I told George that hanging out with Bob had been maybe my most memorable adventure, except maybe for hanging out with the Beatles.  He nodded.

"Bob's kinda--" George started to say and then he interrupted himself.  "Obviously," he said, "I know him much more now than I knew him when we. . . when I knew you. . . when we were in that period.  From what I've seen, he doesn't judge people.  Sometimes people don't---what they're lacking is whatever that is that just. . . that's able to just reach out.  But I've seen him being very forgiving and not really. . . He don't put anybody down and in that way I think he’s really cool."

"Do you think he's mellowed out?" I asked.

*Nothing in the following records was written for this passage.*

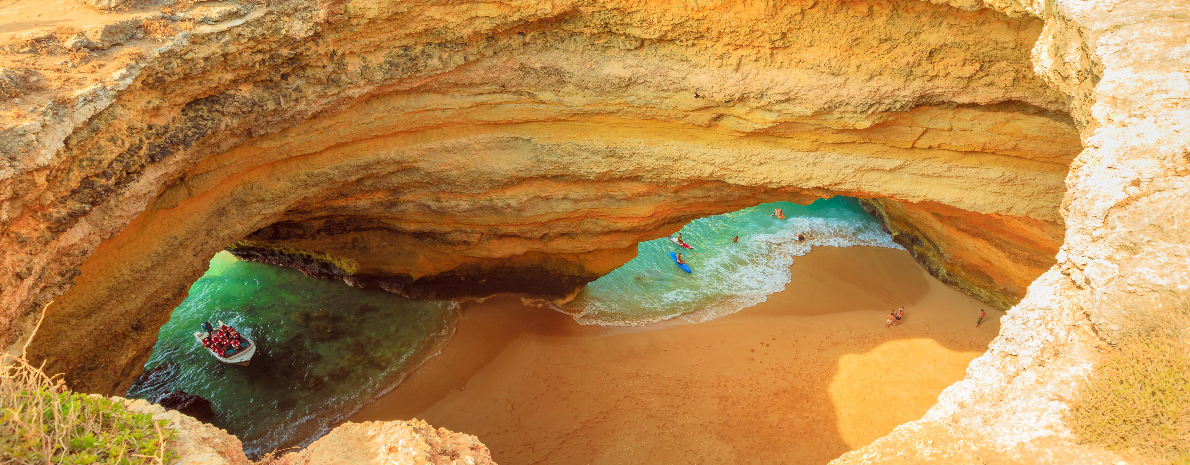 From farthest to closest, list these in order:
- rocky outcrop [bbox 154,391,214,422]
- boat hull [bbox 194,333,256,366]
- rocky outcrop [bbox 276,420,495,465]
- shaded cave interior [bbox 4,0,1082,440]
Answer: boat hull [bbox 194,333,256,366] < rocky outcrop [bbox 154,391,214,422] < shaded cave interior [bbox 4,0,1082,440] < rocky outcrop [bbox 276,420,495,465]

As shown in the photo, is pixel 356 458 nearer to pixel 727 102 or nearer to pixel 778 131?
pixel 727 102

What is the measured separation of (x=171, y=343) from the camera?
39.2 ft

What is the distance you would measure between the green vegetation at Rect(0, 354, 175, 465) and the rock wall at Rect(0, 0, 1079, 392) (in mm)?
2752

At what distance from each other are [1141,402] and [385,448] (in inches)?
158

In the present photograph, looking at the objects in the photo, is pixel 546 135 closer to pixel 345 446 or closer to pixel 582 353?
pixel 582 353

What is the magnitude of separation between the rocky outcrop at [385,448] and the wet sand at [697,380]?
19.1 ft

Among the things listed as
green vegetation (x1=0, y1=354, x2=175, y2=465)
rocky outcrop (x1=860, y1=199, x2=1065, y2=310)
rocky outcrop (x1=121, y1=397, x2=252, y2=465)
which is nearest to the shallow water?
rocky outcrop (x1=860, y1=199, x2=1065, y2=310)

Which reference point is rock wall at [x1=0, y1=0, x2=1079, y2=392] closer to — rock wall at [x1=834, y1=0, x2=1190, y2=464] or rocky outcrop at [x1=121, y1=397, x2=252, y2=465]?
rock wall at [x1=834, y1=0, x2=1190, y2=464]

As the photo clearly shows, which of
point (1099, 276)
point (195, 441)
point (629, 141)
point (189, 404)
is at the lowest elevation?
point (189, 404)

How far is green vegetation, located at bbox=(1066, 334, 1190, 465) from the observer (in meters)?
2.65

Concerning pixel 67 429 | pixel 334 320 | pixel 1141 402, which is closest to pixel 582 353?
pixel 334 320

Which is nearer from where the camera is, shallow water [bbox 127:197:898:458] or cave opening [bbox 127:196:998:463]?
cave opening [bbox 127:196:998:463]

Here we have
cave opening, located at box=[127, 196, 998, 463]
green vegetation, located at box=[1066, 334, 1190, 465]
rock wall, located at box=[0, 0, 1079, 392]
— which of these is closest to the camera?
green vegetation, located at box=[1066, 334, 1190, 465]

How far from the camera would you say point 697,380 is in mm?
10469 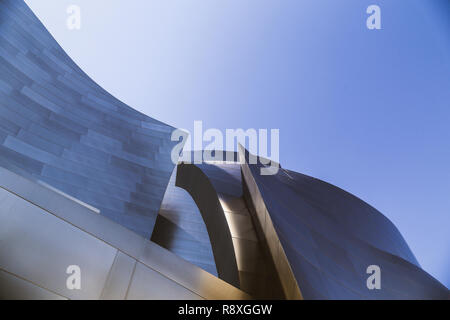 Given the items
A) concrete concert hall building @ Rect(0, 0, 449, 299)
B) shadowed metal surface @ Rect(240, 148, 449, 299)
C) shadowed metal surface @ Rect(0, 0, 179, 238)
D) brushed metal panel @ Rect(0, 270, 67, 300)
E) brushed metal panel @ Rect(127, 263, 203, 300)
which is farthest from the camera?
shadowed metal surface @ Rect(0, 0, 179, 238)

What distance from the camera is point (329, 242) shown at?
11.2 metres

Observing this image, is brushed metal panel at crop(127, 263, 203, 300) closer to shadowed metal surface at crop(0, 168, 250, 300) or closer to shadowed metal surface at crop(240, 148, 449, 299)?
shadowed metal surface at crop(0, 168, 250, 300)

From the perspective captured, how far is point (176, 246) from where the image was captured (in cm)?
1723

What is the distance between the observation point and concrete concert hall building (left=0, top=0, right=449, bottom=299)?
4.40m

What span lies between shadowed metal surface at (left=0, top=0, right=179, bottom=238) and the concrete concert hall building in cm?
5

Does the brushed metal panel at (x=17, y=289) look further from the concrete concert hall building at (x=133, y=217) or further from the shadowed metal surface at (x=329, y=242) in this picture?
the shadowed metal surface at (x=329, y=242)

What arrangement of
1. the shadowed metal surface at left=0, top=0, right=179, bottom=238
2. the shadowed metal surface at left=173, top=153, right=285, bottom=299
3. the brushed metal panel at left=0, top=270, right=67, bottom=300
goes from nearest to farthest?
the brushed metal panel at left=0, top=270, right=67, bottom=300, the shadowed metal surface at left=173, top=153, right=285, bottom=299, the shadowed metal surface at left=0, top=0, right=179, bottom=238

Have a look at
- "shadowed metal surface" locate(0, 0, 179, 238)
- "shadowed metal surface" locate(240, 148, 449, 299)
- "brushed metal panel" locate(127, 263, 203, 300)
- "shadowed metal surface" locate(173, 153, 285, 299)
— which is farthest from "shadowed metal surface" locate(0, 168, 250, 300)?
"shadowed metal surface" locate(0, 0, 179, 238)

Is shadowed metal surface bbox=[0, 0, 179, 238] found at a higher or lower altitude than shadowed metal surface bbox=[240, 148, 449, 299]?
higher

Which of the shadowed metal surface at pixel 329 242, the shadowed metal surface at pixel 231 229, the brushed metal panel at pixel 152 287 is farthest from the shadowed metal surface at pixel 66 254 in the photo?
the shadowed metal surface at pixel 231 229

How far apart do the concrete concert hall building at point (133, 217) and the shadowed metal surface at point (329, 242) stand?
0.21 feet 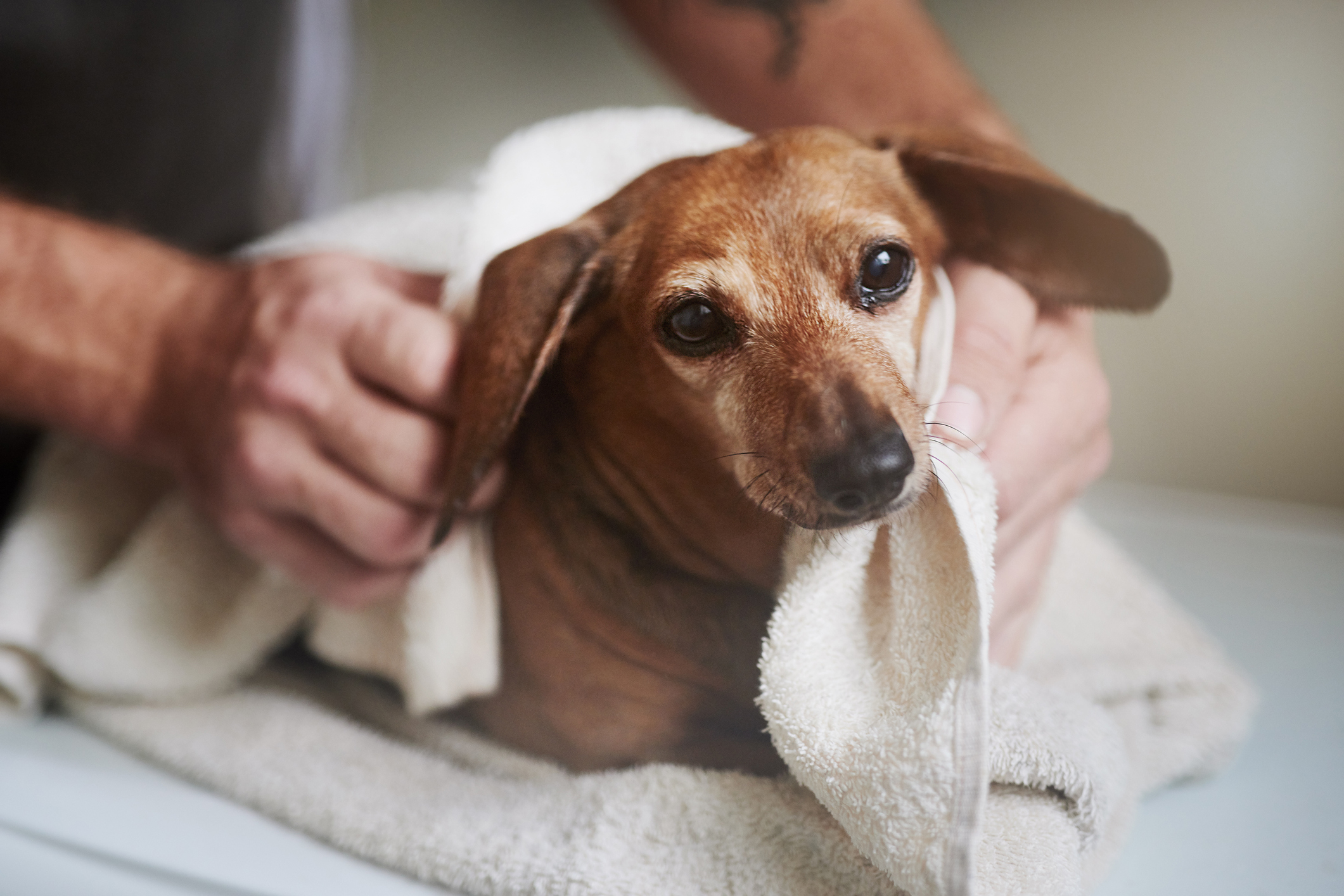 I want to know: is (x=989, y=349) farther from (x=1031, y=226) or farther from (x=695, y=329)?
(x=695, y=329)

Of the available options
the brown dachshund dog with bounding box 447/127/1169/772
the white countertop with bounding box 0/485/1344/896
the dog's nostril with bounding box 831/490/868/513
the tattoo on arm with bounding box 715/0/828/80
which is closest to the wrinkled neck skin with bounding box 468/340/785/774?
the brown dachshund dog with bounding box 447/127/1169/772

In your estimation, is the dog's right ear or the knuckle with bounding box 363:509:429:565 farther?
the knuckle with bounding box 363:509:429:565

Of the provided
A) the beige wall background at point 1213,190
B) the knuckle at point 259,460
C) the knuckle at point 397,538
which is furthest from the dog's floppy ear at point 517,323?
the beige wall background at point 1213,190

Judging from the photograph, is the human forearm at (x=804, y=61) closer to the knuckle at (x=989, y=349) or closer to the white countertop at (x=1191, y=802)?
the knuckle at (x=989, y=349)

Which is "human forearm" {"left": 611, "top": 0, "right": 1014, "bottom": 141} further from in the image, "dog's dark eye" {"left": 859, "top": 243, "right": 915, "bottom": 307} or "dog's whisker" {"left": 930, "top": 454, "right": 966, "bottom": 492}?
"dog's whisker" {"left": 930, "top": 454, "right": 966, "bottom": 492}

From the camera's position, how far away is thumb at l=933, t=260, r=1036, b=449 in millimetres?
821

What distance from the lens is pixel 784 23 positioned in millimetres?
1106

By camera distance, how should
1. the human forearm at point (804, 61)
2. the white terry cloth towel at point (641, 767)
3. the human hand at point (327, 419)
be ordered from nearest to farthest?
the white terry cloth towel at point (641, 767)
the human hand at point (327, 419)
the human forearm at point (804, 61)

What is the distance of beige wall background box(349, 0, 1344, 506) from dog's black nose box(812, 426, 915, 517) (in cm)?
23

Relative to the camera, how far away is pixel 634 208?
903 mm

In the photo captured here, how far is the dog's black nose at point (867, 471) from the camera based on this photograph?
0.69m

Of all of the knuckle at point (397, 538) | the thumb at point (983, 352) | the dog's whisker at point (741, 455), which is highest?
the thumb at point (983, 352)

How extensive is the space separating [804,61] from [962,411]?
20.0 inches

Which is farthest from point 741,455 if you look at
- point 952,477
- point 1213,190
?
point 1213,190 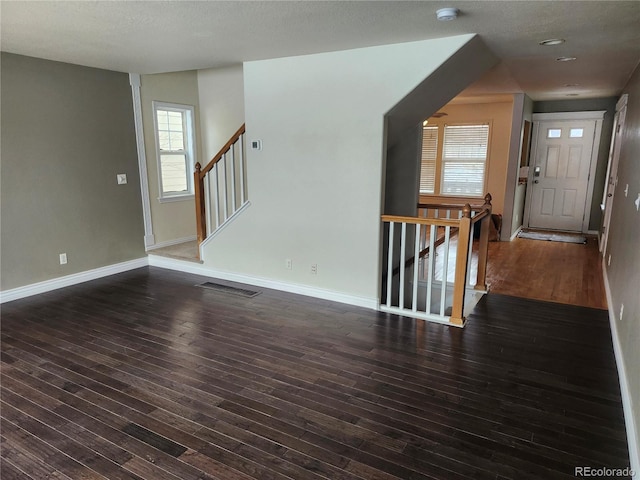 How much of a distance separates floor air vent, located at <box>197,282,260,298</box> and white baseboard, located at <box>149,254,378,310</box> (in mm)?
190

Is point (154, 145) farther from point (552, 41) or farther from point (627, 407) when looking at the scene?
point (627, 407)

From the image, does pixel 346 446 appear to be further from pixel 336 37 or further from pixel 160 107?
pixel 160 107

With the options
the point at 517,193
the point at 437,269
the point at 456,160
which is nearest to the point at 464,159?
→ the point at 456,160

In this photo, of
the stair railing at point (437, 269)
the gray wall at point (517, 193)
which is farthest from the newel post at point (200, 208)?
the gray wall at point (517, 193)

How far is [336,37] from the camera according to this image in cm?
318

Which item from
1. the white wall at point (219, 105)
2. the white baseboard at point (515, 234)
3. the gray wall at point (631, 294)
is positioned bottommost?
the white baseboard at point (515, 234)

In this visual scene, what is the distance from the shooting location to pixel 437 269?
207 inches

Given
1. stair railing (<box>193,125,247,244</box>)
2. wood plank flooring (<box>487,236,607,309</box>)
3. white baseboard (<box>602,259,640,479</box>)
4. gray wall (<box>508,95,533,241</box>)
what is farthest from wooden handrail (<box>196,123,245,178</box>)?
gray wall (<box>508,95,533,241</box>)

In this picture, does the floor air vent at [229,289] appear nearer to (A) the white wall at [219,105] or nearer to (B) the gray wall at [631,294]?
(A) the white wall at [219,105]

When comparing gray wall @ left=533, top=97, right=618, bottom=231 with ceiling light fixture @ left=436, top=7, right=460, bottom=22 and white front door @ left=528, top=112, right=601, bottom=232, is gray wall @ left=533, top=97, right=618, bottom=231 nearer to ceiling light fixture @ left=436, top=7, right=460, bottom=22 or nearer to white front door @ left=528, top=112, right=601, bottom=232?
white front door @ left=528, top=112, right=601, bottom=232

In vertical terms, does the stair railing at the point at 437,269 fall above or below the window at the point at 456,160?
below

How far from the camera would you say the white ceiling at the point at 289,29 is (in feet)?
8.21

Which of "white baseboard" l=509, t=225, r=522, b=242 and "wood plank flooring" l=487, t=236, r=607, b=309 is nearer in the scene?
"wood plank flooring" l=487, t=236, r=607, b=309

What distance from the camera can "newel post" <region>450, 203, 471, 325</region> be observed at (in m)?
3.38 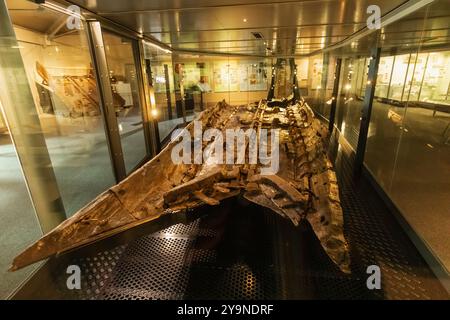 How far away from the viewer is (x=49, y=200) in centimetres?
274

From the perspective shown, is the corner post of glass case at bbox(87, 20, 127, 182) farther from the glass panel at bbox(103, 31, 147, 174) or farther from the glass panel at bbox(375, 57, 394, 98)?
the glass panel at bbox(375, 57, 394, 98)

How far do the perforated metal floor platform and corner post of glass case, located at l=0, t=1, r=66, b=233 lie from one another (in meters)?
0.81

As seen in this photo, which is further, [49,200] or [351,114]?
[351,114]

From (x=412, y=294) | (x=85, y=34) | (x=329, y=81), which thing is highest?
(x=85, y=34)

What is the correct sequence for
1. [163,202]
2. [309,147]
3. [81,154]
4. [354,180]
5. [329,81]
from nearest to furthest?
[163,202], [309,147], [354,180], [81,154], [329,81]

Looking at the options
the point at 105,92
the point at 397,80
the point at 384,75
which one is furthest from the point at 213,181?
the point at 384,75

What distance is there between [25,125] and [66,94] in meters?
3.20

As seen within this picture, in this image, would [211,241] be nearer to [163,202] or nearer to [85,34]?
[163,202]

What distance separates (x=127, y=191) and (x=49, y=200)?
4.33 ft

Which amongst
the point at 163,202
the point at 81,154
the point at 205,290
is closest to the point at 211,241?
the point at 205,290

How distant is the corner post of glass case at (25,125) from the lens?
2186 millimetres

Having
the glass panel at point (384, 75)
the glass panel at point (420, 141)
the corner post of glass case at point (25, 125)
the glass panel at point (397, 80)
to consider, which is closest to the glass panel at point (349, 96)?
the glass panel at point (420, 141)

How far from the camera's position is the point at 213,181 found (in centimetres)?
216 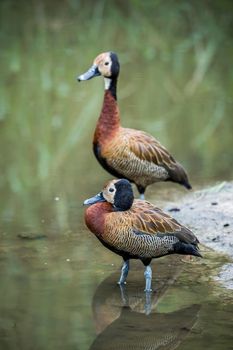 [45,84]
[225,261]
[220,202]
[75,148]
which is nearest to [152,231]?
[225,261]

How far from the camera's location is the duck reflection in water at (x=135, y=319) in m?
6.27

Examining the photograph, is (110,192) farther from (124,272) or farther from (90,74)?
(90,74)

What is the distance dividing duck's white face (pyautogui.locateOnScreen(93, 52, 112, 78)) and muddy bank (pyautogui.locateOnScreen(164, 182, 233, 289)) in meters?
1.33

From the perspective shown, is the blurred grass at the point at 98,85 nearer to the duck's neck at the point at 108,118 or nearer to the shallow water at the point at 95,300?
the duck's neck at the point at 108,118

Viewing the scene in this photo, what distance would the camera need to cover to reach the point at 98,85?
13.6 meters

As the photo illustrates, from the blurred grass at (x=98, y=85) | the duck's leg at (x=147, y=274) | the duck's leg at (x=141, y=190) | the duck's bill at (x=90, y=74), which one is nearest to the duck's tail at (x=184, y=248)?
the duck's leg at (x=147, y=274)

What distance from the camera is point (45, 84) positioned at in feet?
44.5

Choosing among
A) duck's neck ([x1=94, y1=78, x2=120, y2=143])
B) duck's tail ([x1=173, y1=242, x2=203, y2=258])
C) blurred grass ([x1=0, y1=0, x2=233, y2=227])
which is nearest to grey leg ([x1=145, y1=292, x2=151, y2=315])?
duck's tail ([x1=173, y1=242, x2=203, y2=258])

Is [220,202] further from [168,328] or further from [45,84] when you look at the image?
[45,84]

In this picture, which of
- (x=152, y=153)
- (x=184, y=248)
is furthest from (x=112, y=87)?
(x=184, y=248)

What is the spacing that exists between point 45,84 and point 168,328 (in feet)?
24.6

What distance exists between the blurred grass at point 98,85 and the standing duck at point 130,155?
0.82 metres

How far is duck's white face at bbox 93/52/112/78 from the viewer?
30.3 ft

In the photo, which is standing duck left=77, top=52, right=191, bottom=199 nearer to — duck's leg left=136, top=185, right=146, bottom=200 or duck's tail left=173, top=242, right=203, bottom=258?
duck's leg left=136, top=185, right=146, bottom=200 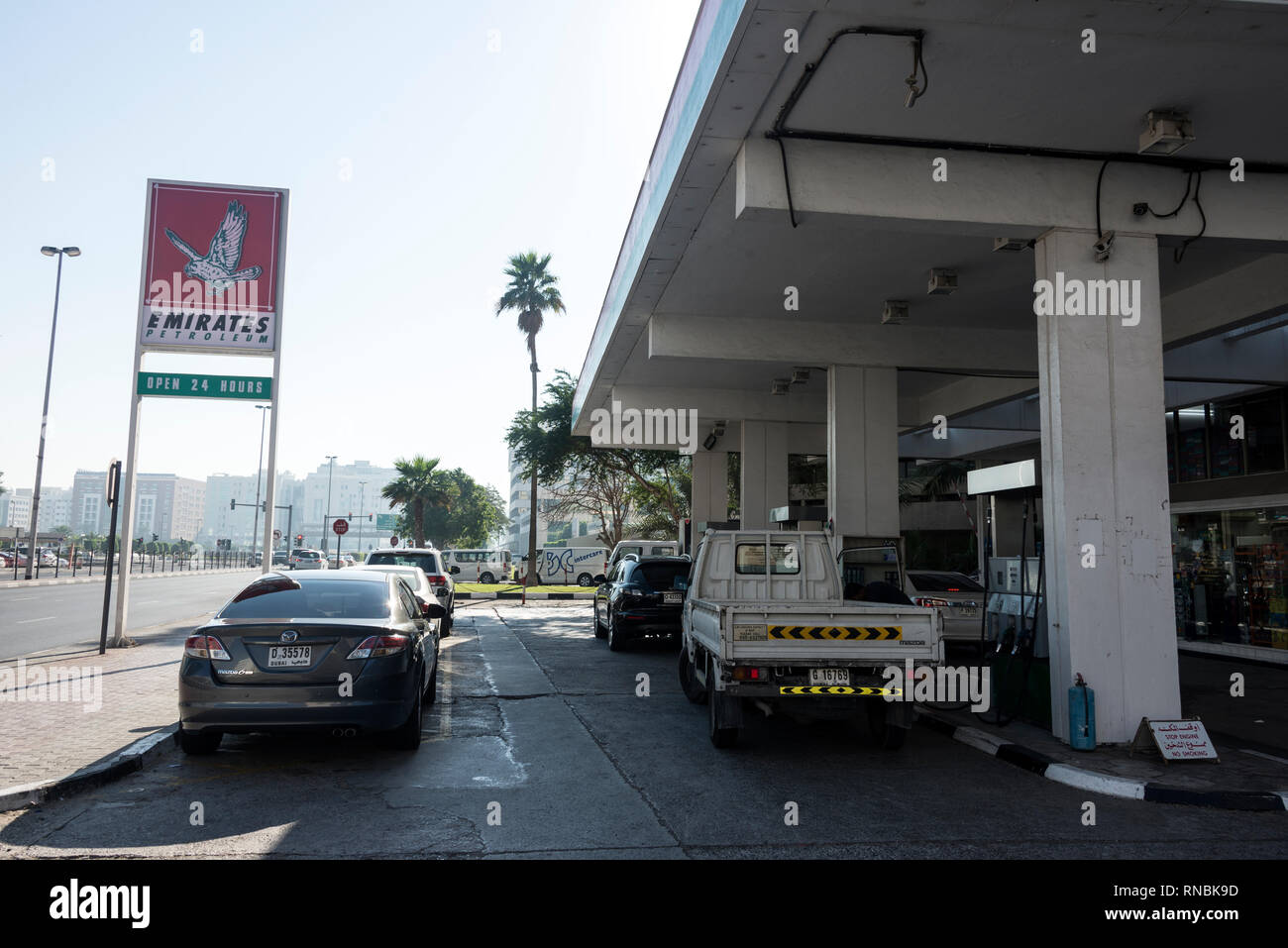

"Oh, yeah!" George said.  "Yeah, he's. . .  Sometimes, he's very ordinary.  He's just an ordinary person who’s got a lot of knowledge."

Sometimes it's tough for a genius like Bob to accomplish tasks that are easy for ordinary mortals.  The truth is that I am proud to have contributed at all to the career of one of the greatest songwriters of our time.  Still, I don't think Bob was ever straight with me.  Like I say, I don't know if Bob ever gave a straight answer to anybody.

"I've seen Bob in all kinds of moods," I told George.  "What he did with me, the way he dumped on me, I've seen him do with many guys along the way.  Oh, by the way, I spoke to Leon Russell. . ."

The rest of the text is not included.